School comes, lunch boxes and pencils. He does not bring them to Manhattan. The outside world, monsters and sons and daughters. It’s too much.
“I miss them,” his mother had told him, hair grey and eyes tired. “You can’t protect them forever, Percy.”
“I can try,” he had said before he left, disappointment and sympathy and grief suffocating him in the middle of the outside world.
She starts first grade and asks about her grandparents. He begins to tell her about the god with the bucket hat, the goddess with a sharp look.
“No, Dad,” and he wishes she were there to hear it. “The other ones.”
They used to be the only ones, he remembers.
Frederick comes to Sally’s apartment and Percy brings their children and he sobs on his childhood bed. He doesn’t think anyone knows – that they had been busy with cookies and crayons – but he looks at his mother and she knows.
Watching her leave was not the hardest task, he thinks in the middle of that night, their children safe and sound and dreaming in their beds.
Knowing that she will not come home is the hardest task.
/
Percy has an epiphany on a summer day, his hair greying while hers never will.

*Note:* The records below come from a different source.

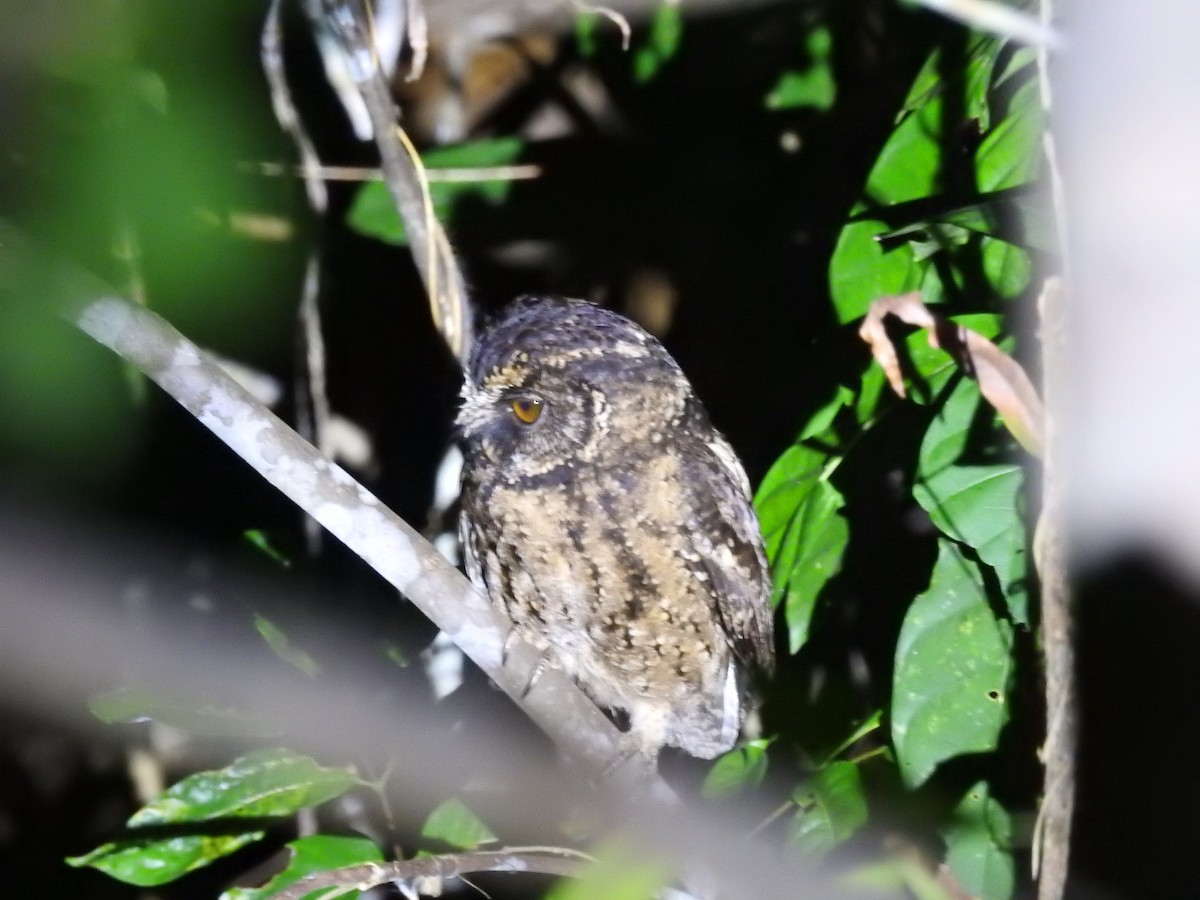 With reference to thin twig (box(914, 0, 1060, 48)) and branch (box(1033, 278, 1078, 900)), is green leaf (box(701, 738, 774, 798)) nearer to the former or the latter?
branch (box(1033, 278, 1078, 900))

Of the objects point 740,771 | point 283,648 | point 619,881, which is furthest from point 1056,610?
point 283,648

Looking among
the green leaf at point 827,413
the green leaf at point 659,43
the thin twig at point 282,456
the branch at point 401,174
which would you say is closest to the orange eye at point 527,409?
the branch at point 401,174

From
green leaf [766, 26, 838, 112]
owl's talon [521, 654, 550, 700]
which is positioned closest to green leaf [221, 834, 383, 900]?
owl's talon [521, 654, 550, 700]

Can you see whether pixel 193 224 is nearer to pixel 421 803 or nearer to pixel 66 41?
pixel 66 41

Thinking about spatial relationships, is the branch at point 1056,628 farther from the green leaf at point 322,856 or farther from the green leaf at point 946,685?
the green leaf at point 322,856

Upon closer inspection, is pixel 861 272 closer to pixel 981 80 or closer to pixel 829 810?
pixel 981 80

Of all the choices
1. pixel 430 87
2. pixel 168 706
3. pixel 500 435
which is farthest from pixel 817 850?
pixel 430 87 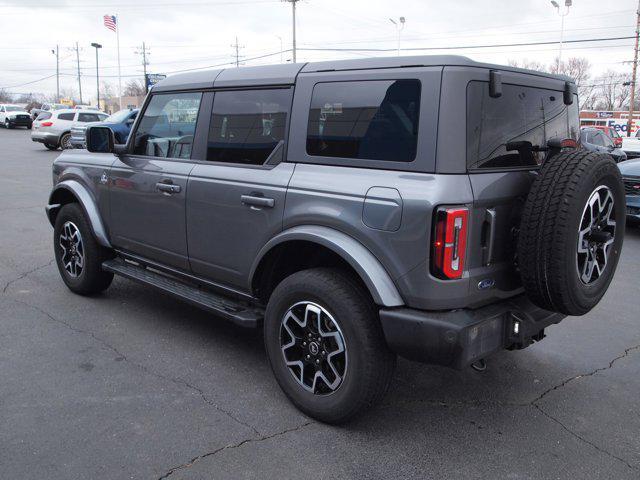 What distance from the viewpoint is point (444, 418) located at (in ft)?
10.9

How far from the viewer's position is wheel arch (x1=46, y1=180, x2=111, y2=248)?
4855mm

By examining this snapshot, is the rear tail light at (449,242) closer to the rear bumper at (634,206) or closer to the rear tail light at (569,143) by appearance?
the rear tail light at (569,143)

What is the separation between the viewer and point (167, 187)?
13.4 feet

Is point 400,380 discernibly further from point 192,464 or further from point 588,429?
point 192,464

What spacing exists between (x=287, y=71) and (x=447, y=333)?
6.18ft

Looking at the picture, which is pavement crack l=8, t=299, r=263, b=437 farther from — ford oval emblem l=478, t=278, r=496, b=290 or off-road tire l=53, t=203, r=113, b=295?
ford oval emblem l=478, t=278, r=496, b=290

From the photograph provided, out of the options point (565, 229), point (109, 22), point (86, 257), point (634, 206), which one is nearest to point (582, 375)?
point (565, 229)

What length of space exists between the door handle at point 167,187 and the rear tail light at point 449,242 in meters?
2.07

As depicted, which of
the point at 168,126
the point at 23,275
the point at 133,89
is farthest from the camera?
the point at 133,89

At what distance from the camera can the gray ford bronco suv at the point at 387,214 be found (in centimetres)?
275

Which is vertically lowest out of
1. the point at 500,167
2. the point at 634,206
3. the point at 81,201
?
the point at 634,206

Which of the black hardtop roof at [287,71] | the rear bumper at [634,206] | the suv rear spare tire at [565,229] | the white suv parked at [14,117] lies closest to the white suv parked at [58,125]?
the white suv parked at [14,117]

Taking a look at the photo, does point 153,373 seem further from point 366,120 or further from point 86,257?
point 366,120

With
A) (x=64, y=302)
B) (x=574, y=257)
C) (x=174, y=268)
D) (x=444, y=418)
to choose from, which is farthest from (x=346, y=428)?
(x=64, y=302) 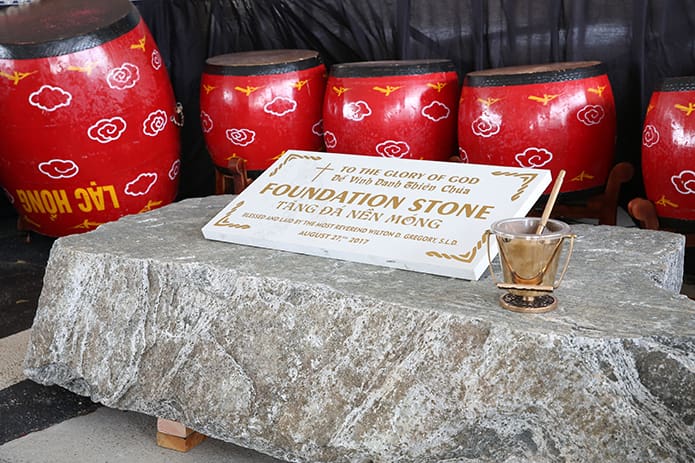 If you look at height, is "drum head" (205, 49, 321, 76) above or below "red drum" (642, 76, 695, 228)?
above

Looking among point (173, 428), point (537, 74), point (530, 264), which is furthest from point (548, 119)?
point (173, 428)

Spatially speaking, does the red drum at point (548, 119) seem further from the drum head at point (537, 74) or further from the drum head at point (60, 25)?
the drum head at point (60, 25)

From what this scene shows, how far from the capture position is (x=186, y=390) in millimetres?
1472

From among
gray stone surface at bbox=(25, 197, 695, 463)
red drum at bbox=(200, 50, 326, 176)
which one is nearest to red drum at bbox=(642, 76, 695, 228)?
gray stone surface at bbox=(25, 197, 695, 463)

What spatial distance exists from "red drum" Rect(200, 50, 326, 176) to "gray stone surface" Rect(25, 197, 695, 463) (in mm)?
907

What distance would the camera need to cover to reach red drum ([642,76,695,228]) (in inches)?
77.1

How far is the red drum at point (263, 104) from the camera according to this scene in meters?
2.55

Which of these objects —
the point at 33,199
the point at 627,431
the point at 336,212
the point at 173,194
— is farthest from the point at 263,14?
the point at 627,431

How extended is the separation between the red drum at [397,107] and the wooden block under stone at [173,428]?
3.71ft

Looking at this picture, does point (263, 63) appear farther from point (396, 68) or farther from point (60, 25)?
point (60, 25)

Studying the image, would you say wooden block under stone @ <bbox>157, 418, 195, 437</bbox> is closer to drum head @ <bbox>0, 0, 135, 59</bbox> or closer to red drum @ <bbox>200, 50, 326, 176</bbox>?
red drum @ <bbox>200, 50, 326, 176</bbox>

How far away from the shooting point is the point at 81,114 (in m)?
2.47

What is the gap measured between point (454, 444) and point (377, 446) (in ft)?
0.40

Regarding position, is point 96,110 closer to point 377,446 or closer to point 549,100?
point 549,100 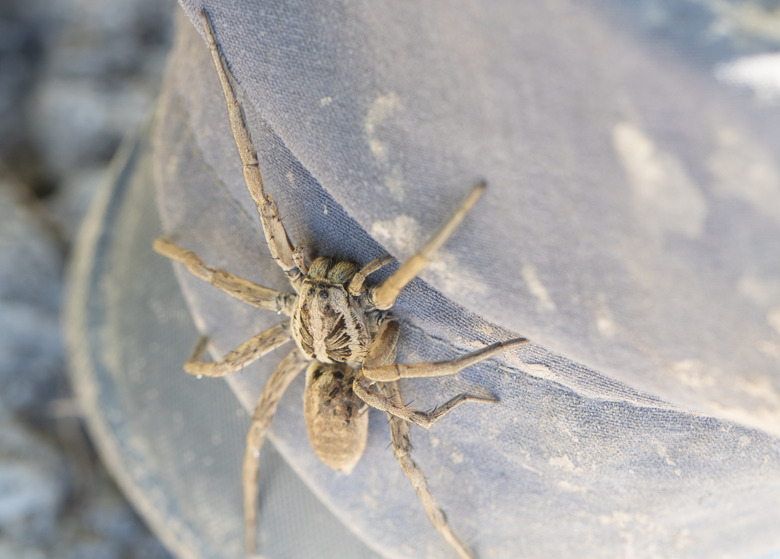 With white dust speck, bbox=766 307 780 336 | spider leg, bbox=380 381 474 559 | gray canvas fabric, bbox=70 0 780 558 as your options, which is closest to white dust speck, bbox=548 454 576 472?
gray canvas fabric, bbox=70 0 780 558

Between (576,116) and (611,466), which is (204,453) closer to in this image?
(611,466)

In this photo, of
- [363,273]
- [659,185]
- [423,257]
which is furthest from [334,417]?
[659,185]

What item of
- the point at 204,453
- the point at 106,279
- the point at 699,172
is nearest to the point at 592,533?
the point at 699,172

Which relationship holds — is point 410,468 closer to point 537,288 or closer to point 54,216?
point 537,288

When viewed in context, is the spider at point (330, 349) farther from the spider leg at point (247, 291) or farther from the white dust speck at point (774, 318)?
the white dust speck at point (774, 318)

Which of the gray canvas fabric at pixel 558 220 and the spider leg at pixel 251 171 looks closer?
the gray canvas fabric at pixel 558 220

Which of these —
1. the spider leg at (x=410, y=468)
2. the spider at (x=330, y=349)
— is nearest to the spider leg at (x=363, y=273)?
the spider at (x=330, y=349) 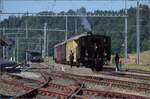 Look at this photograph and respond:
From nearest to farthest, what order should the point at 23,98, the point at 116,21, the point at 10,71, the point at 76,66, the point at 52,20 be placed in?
the point at 23,98, the point at 10,71, the point at 76,66, the point at 116,21, the point at 52,20

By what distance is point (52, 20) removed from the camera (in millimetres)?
119375

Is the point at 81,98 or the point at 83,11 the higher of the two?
the point at 83,11

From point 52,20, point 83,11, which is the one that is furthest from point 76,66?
point 52,20

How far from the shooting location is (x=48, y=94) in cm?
1819

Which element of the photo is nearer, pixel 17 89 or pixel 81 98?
pixel 81 98

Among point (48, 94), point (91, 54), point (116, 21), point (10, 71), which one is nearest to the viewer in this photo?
point (48, 94)

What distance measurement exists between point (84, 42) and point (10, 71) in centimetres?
739

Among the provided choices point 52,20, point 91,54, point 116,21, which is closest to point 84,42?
point 91,54

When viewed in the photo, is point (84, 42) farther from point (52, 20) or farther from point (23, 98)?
point (52, 20)

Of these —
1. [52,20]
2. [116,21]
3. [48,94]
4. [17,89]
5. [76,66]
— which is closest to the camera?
[48,94]

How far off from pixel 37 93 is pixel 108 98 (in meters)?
3.06

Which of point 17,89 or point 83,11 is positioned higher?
point 83,11

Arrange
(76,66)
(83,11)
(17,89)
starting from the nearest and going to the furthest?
(17,89) < (76,66) < (83,11)

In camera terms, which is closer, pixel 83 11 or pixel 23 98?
pixel 23 98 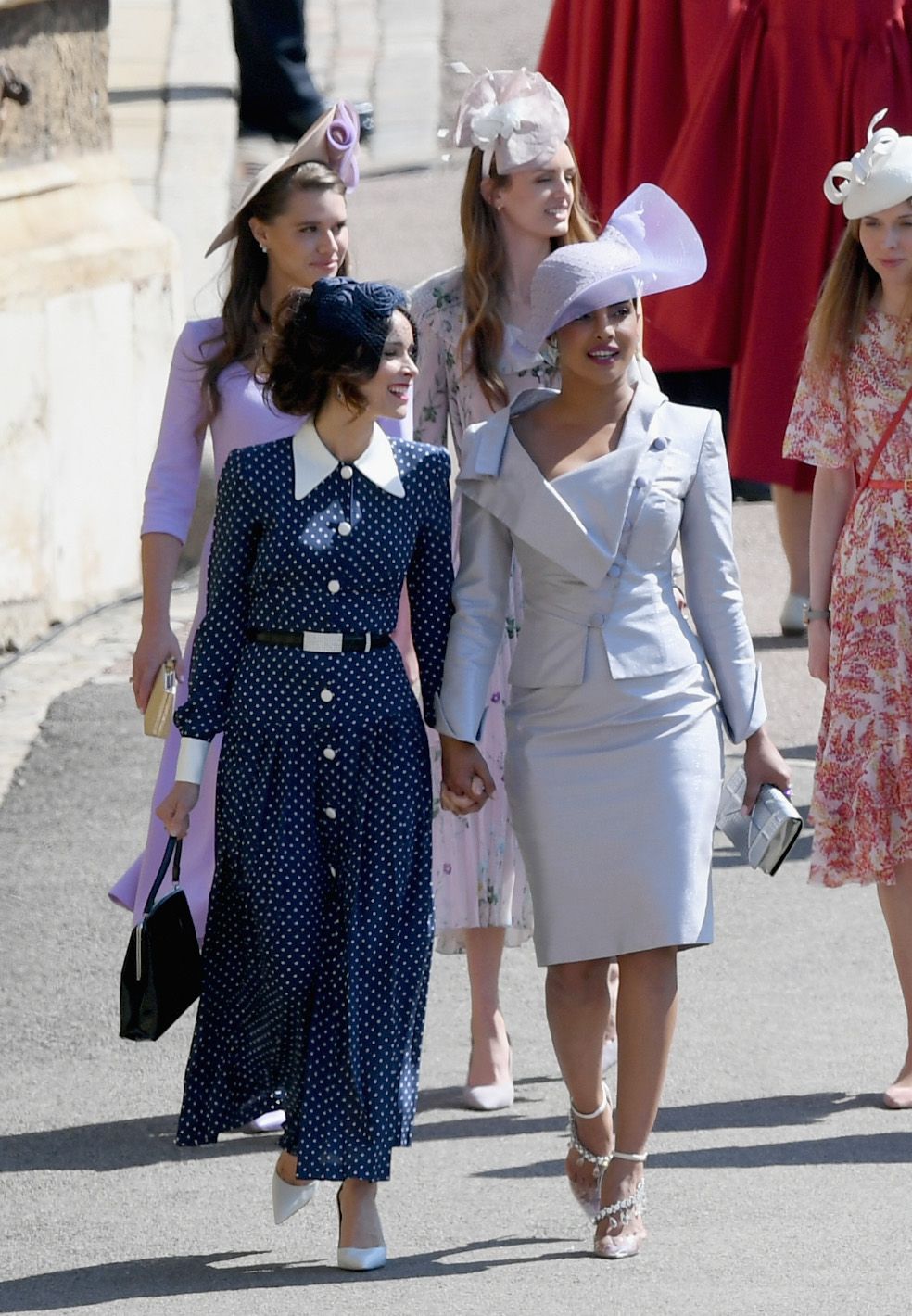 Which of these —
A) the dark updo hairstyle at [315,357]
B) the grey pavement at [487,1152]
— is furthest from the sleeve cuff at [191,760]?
the grey pavement at [487,1152]

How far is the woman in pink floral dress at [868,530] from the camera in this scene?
5.19 meters

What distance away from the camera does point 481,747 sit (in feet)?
17.1

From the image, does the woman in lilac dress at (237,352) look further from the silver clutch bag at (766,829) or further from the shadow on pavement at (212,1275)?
the silver clutch bag at (766,829)

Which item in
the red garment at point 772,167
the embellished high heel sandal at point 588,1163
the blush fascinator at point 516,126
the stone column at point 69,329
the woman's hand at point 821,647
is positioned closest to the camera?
the embellished high heel sandal at point 588,1163

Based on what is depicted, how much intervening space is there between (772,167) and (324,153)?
2.93 metres

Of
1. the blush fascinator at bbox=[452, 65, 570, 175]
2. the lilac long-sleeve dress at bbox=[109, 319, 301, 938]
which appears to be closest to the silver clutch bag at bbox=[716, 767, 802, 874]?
the lilac long-sleeve dress at bbox=[109, 319, 301, 938]

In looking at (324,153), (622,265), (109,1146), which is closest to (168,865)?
(109,1146)

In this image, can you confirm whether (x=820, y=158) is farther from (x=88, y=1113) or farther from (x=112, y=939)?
(x=88, y=1113)

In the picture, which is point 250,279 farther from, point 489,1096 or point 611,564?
point 489,1096

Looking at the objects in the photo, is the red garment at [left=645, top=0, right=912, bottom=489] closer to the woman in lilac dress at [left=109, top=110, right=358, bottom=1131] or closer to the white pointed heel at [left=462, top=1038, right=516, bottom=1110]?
the woman in lilac dress at [left=109, top=110, right=358, bottom=1131]

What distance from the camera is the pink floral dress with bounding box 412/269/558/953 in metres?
5.15

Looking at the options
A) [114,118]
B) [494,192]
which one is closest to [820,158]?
[494,192]

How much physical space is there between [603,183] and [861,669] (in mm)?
2921

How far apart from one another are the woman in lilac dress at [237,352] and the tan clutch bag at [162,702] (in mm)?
28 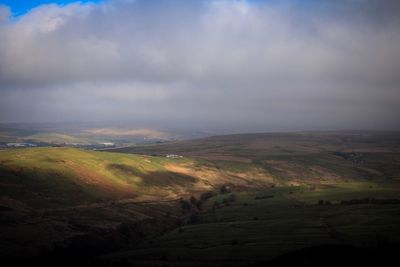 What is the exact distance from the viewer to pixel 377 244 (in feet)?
271

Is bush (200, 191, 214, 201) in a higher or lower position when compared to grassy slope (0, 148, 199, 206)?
lower

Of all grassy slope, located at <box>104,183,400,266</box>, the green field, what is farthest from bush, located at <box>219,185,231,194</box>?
grassy slope, located at <box>104,183,400,266</box>

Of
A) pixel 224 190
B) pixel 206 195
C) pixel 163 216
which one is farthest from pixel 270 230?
pixel 224 190

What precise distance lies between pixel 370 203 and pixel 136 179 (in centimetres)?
9539

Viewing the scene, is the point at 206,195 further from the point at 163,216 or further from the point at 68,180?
the point at 68,180

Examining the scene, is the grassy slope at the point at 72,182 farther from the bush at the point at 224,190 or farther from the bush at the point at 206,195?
the bush at the point at 206,195

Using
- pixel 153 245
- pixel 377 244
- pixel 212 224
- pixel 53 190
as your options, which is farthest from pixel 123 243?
pixel 377 244

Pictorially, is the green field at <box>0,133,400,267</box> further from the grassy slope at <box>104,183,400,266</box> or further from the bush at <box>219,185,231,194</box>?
the bush at <box>219,185,231,194</box>

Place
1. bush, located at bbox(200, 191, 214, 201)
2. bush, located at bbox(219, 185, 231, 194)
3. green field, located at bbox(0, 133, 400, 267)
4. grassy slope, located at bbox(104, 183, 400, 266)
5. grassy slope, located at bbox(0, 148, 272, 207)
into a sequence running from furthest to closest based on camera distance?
bush, located at bbox(219, 185, 231, 194) < bush, located at bbox(200, 191, 214, 201) < grassy slope, located at bbox(0, 148, 272, 207) < green field, located at bbox(0, 133, 400, 267) < grassy slope, located at bbox(104, 183, 400, 266)

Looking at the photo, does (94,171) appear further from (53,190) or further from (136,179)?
(53,190)

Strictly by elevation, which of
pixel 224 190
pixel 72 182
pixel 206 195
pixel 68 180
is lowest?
pixel 206 195

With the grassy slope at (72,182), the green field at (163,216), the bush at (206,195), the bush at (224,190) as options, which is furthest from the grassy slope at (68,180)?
the bush at (224,190)

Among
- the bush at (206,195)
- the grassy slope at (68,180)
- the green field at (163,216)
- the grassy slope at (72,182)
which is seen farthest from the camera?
the bush at (206,195)

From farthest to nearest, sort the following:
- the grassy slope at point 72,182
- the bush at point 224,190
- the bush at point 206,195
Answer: the bush at point 224,190 → the bush at point 206,195 → the grassy slope at point 72,182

It is not unlike the one from all those years before, a son of Poseidon and daughter of Athena meeting and the world beginning to end. It is not unlike the one from when they woke up to a saved earth, a fallen Titan. It is not unlike the one from when they ascended back into the mortal world, Tartarus at their backs.
It is a summer day and like every day, Percy thinks of Annabeth.
He takes them to the shore, barely a mile from their home. He watches as they play, the sun warming their arms and legs. His hair is dark and wild and hers is blonde and curly. Their eyes are grey. Their eyes are grey, and that makes him smile.
He keeps the water back from their shovels and buckets, letting wet sand stay sturdy because they are their children and he can do this for them, can keep innocence in their hearts. They have known more heartbreak than he can fathom and he never wants their sandcastles to crumble.
“Look,” their son laughs and points to a tower at the corner of their castle. “Dad, look, it’s almost finished.”
Their daughter laughs and he hears her again. “Daddy,” she has begun to call him this again, “we’re gonna build the best sandcastle ever. ”
Percy believes her because he knows and remembers and loves their mother.
Annabeth, he remembers, look what we built.